Not with Germans.
Yes, I said.
But they probably wouldn't do that, he said.
It was too simple.
They'd try something complicated and get royally cooked.
I had to go, I said.
I had to get back to the hospital.
"Good-by," he said.
Then cheerily, "Every sort of luck!" There was a great contrast between his world pessimism and personal cheeriness.
I stopped at a barber shop and was shaved and went home to the hospital.
My leg was as well as it would get for a long time.
I had been up for examination three days before.
There were still some treatments to take before my course at the Ospedale.

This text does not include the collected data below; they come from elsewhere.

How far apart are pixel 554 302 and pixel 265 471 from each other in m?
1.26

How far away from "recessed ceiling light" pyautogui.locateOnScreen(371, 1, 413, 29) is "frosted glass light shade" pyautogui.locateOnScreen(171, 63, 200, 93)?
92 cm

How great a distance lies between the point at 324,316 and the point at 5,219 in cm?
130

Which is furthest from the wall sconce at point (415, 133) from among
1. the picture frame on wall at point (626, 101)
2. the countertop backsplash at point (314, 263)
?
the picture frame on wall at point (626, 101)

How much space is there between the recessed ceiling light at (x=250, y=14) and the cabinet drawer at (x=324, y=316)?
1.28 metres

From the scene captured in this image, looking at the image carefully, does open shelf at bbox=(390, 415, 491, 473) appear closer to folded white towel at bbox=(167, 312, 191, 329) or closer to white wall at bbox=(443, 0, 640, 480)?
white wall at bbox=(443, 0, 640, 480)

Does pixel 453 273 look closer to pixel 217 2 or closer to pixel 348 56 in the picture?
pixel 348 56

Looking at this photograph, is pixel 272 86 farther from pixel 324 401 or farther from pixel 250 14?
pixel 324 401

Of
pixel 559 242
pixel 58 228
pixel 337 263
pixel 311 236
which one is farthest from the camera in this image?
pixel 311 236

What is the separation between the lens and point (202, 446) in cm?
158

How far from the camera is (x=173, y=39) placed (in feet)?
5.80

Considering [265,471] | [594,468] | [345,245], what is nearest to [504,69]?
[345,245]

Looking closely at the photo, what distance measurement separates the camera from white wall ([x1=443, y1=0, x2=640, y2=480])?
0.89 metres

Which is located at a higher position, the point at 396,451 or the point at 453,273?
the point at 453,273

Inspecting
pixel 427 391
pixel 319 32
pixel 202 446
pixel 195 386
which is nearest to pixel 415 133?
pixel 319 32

Maggiore was finished and I walked along the side street practising not limping.
An old man was cutting silhouettes under an arcade.
I stopped to watch him.
Two girls were posing and he cut their silhouettes together, snipping very fast and looking at them, his head on one side.
The girls were giggling.
He showed me the silhouettes before he pasted them on white paper and handed them to the girls.

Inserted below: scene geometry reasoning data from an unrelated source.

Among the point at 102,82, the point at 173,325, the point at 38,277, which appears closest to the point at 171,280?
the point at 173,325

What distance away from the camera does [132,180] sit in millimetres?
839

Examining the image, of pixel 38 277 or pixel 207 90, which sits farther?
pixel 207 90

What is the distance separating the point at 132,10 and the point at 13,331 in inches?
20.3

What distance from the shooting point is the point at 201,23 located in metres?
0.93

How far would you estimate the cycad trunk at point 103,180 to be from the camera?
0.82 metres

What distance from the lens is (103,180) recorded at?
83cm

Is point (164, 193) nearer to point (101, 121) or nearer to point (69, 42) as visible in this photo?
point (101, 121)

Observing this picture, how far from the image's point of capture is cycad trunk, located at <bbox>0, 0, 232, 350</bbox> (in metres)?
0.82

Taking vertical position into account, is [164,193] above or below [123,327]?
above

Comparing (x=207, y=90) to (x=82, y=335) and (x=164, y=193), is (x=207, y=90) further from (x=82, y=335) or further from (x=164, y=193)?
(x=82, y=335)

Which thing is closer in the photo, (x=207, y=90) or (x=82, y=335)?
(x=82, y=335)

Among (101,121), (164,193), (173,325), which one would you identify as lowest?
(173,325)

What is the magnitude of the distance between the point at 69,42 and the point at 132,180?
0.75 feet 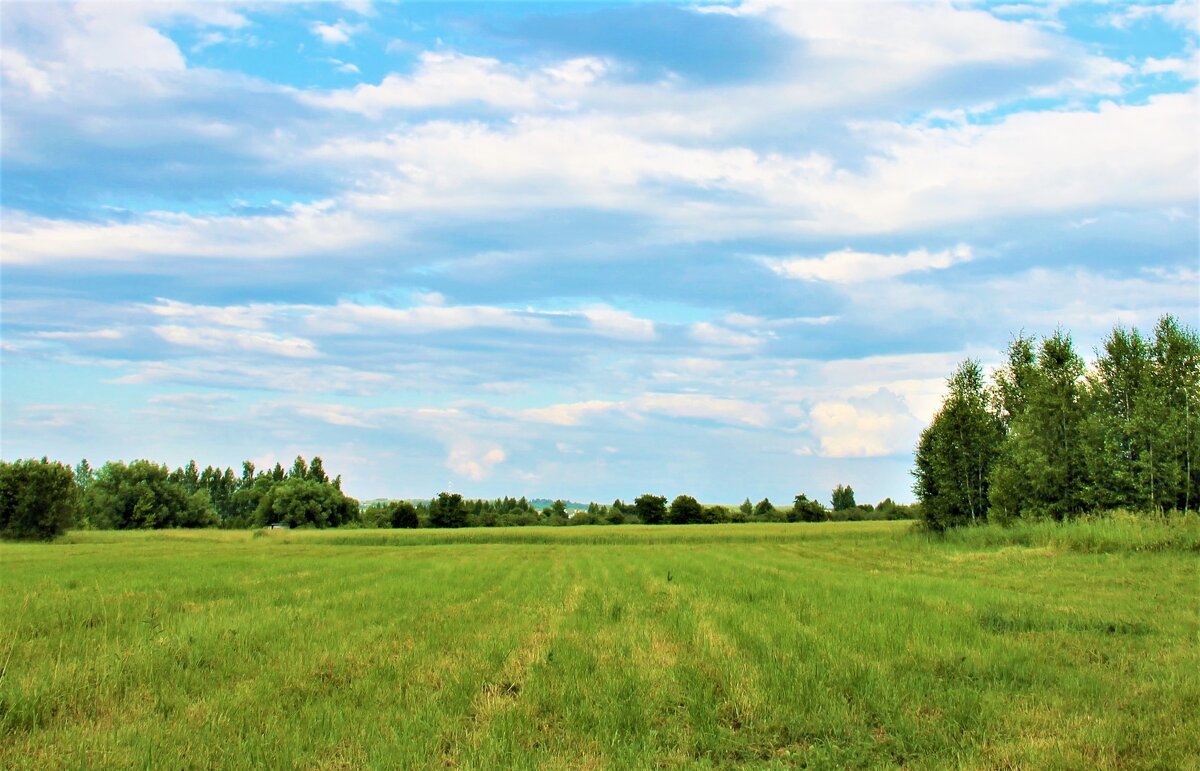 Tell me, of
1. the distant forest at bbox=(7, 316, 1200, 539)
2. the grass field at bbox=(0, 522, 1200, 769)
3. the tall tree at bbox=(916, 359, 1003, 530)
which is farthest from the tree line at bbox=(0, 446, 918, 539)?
the grass field at bbox=(0, 522, 1200, 769)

"They're beautiful," he said. "How about you, Tenente?"
The girls went away looking at their silhouettes and laughing.
They were nice-looking girls.
One of them worked in the wine shop across from the hospital.
"All right," I said.
"Take your cap off."
"No.
With it on."
"It will not be so beautiful," the old man said. "But," he brightened, "it will be more military."
He snipped away at the black paper, then separated the two thicknesses and pasted the profiles on a card and handed them to me.
"How much?"
"That's all right." He waved his hand. "I just made them for you."
"Please." I brought out some coppers. "For pleasure."
"No.
I did them for a pleasure.
Give them to your girl."
"Many thanks until we meet."
"Until I see thee."
I went on to the hospital.
There were some letters, an official one, and some others.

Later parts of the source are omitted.